私からは一点、これは国へのお願いということになるのかもしれないのですが、中間まとめ案の特に集約化の今の記載のところですが、まずはこうした施設が持っている潜在的なリスクの分析というのを更に進めていただいて、その低減に向かって何をどう支援するとこの施策が前に進むのかと、もっと具体的な絵を示すべき時期に来ているのではないかと思っております。ぜひ御検討いただければと思います。私からは以上です。
【前田原子力連絡対策官】 文部科学省の前田でございます。今先生がおっしゃられましたとおり、こちらの22ページの③、少量核燃料物質の集約化・安定化は非常に我々も重要な取組だと考えております。

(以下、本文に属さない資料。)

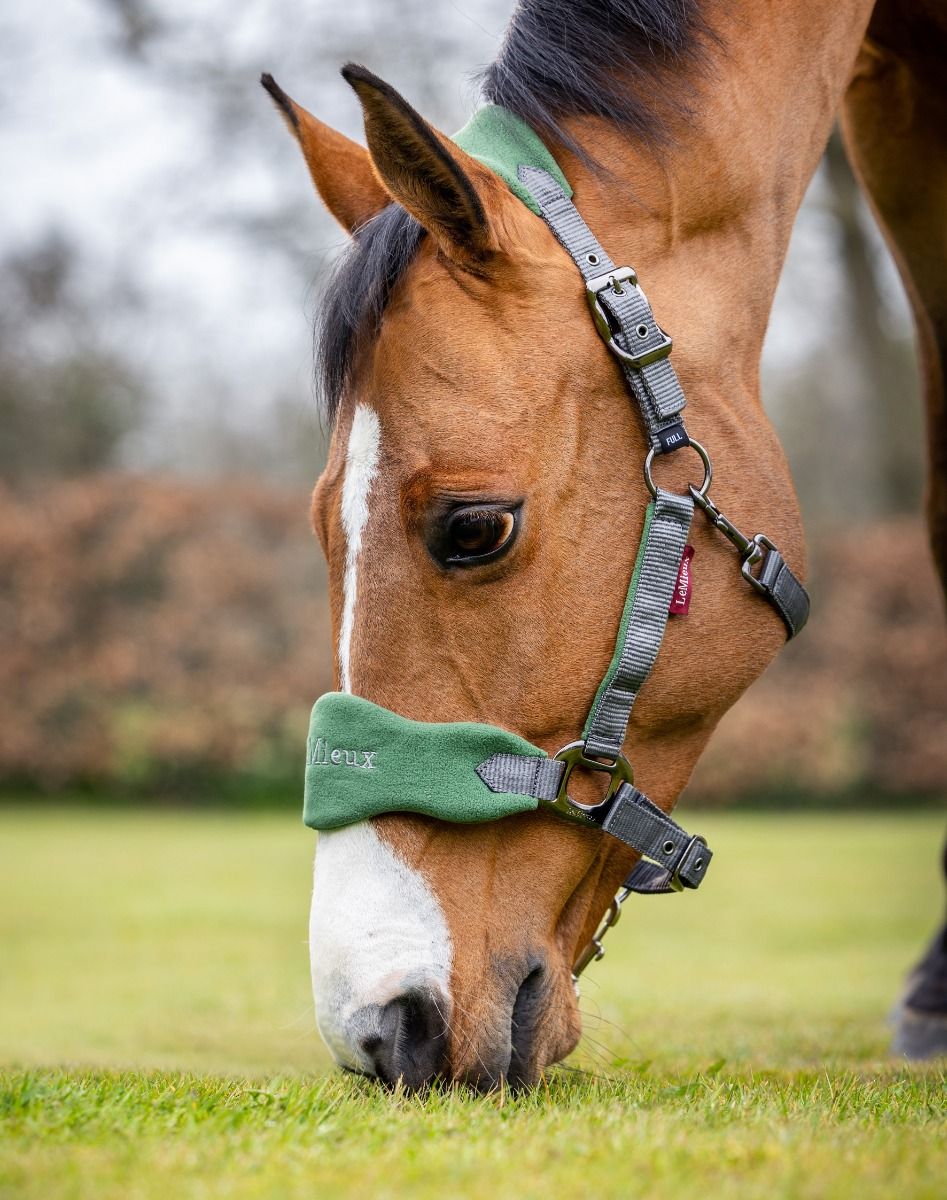 LeMieux kantar z uwiązem Vogue, Hunter Green 24h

原子力委員会の基本的考え方においても、その中でその重要性、必要性を提示しているところでございます。先生がおっしゃられるように文科省としてもぜひ進めていきたいと考えております。こちらに書いていますように人材育成、核燃料を取り扱う人たちの高齢化といった課題があると考えております。そういった意味でも、まずは人材育成もしつつ実際の大学での集約化といったものを支援するために必要な取組を進めていきたいと思います。御意見どうもありがとうございました。
【佐々木委員】 よろしくお願いします。
【出光主査】 ありがとうございます。それでは、吉田委員、どうぞ。
【吉田委員】 日立の吉田です。今日もありがとうございました。今の佐々木先生の御意見、コメント等に併せてなのですが、大学と同様、民間企業、我々日立、それから中小の方々におかれましても、この放射性廃棄物の問題は非常に重要で、かつ先ほどの人材の高齢化、それから今後の処分が長引いていることによる費用の増大といった問題がありますので、できるだけ早めの対策を頂ければと思うところでございます。以上、私からの要望です。
【前田原子力連絡対策官】 文部科学省の前田でございます。埋設処分も含めまして、このバックエンド全体をしっかりと進めていくことが必要だと考えております。御意見どうもありがとうございました。

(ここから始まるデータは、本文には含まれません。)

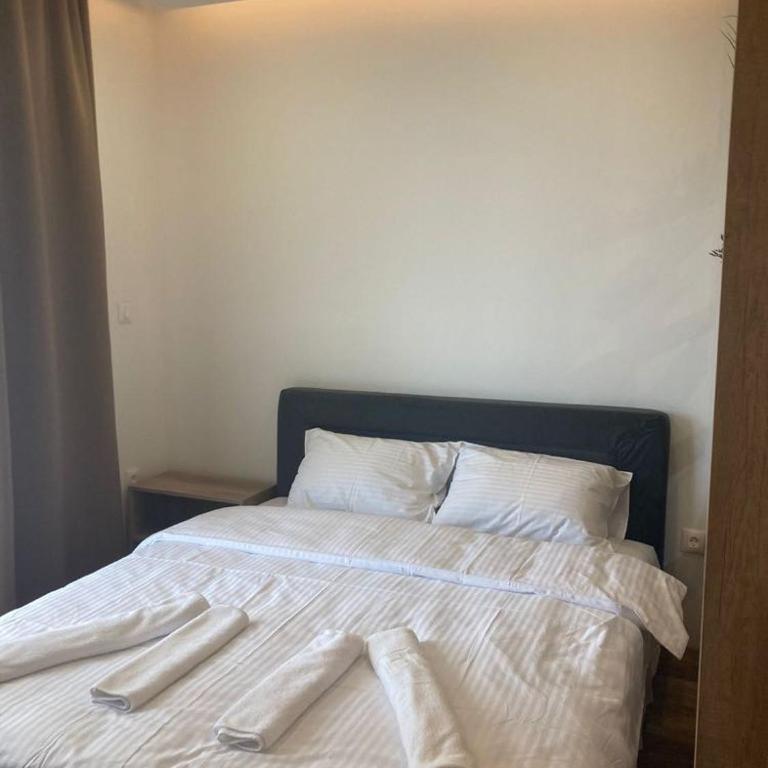 Kopaonik presidentKop apartman - Apartman sa 1 Spavaćom Sobom - 11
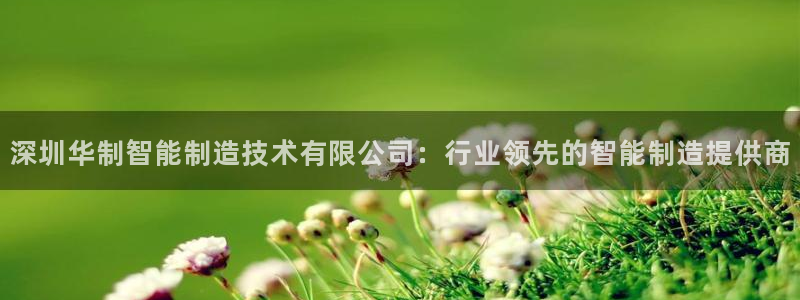 彩神V3大赢家：深圳华制智能制造技术有限公司：行业领先的智能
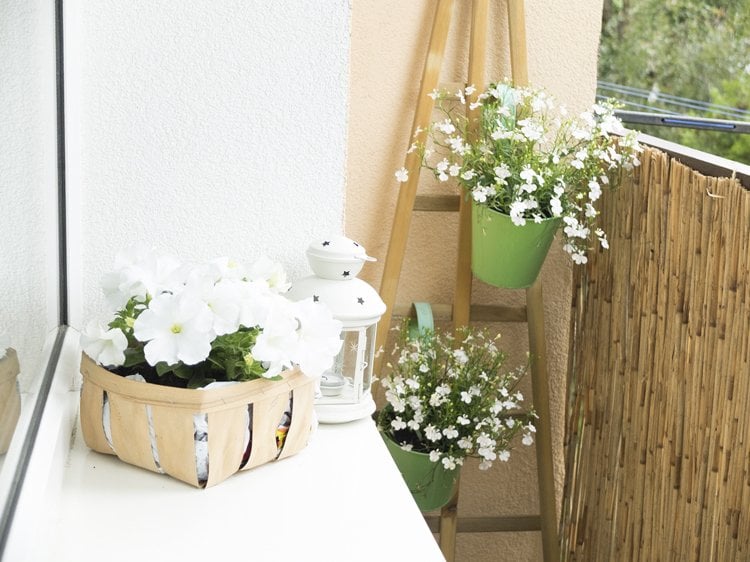 Balkonpflanzen Weiße Blüten Hängeeimer Bambusmatte Sichtschutz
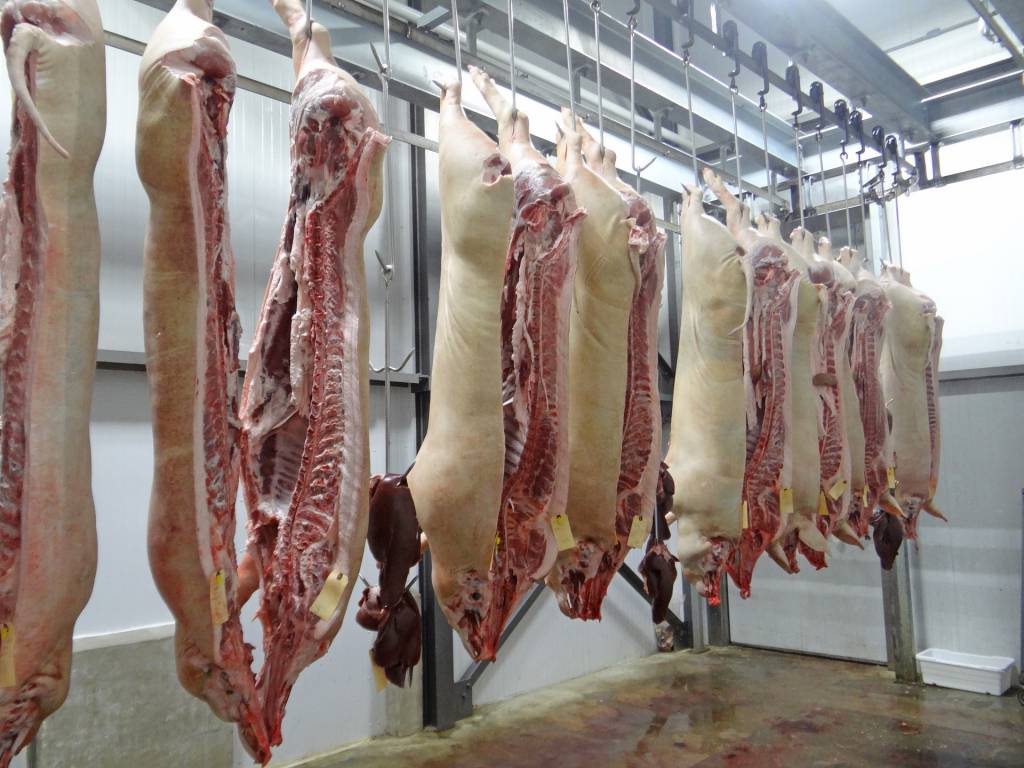 Exportações de carne suína crescem 41% em janeiro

【出光主査】 ありがとうございます。他はございますでしょうか。よろしいでしょうか。 ほぼ時間どおりになっております。特になければ議題2はこれで終わりにいたします。特に追加はございませんね。ありがとうございます。それでは、「その他」は特に何かございますでしょうか。 なければ、事務局から連絡事項等をお願いいたします。
【吉井係長(事務局)】 事務局です。本日の議事録につきましては準備ができ次第、御出席の皆様にメールにて御確認いただいた後、文部科学省のホームページに掲載いたします。また、次回の作業部会の開催については、改めて御連絡をいたします。以上です。
【出光主査】 それでは、第9回の原子力バックエンド作業部会をこれで終了いたします。皆様、お忙しい中ありがとうございました。